Quotulatiousness

July 20, 2015

British humour “derives from the sloppiness of our language”

Filed under: Britain, Humour — Tags: — Nicholas @ 04:00

In sp!ked, Patrick West discusses the wellspring of British humour:

The English have a reputation for being a funny people. This, I think, derives from the sloppiness of our language, the messiness of which leads to misunderstandings. Indeed, the word ‘funny’ itself has two meanings.

Consider the old joke. ‘My dog has no nose’, says one. ‘How does he smell?’, asks another. ‘Terrible!’ This works because the English verb ‘to smell’ means both to sniff and to emit an odour. This joke wouldn’t work in Italian, where there’s no room for confusion. ‘Il cane sente l’odore del cibo’ means ‘the dog smells the food’; ‘Il cane puzza terribile’ means ‘the dog smells terrible’.
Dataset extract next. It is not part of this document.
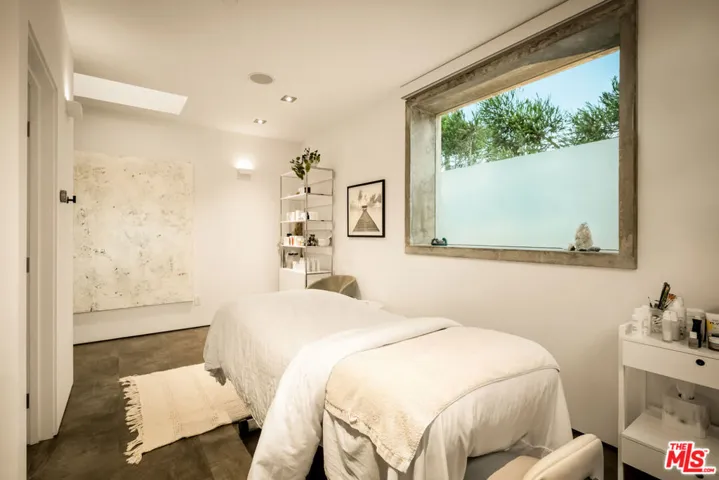 1347 Palms Boulevard, Venice, California 90291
Romance languages also use reflexive verbs much more than we do, which also removes ambiguity. In Catalan, ‘ofegar’ means to suffocate someone or something else, and ‘ofegar-se’ means for oneself to suffocate. In English, ‘to suffocate’ can mean to asphyxiate or to strangle, two very different things.

Italian has ‘sentire’ meaning ‘to feel (something)’ and ‘sentirsi’ meaning ‘to feel’ – the latter pertaining to your internal self. To feel cold is ‘sentire freddo’, while to feel like doing something is ‘sentirsi di fare’. English doesn’t have that distinction.

[…]

English is ripe for misunderstanding. Children are amused by the construction ‘I feel like an apple’, as they are yet to comprehend that ‘like’ is the equivalent of the preposition ‘similar to’, as well as a verb. That ‘your’ and ‘you’re’ sound the same gives us verbal jokes like the one I heard on BBC Radio 4 this week:

    ‘Two nuns are driving along when the devil suddenly appears on their car bonnet, surrounded by fire and brimstone. One nun says to the other: “Quick, show him your cross.” The other leans out the window and shouts, “Get off my fucking bonnet!”.’

Then there’s the dual role of the apostrophe. In speech, ‘Gerrards Cross’ can either be a village in Buckinghamshire, a cross that belongs to Gerrard, or the state of mind of a Liverpool footballer who hasn’t been picked for the England team.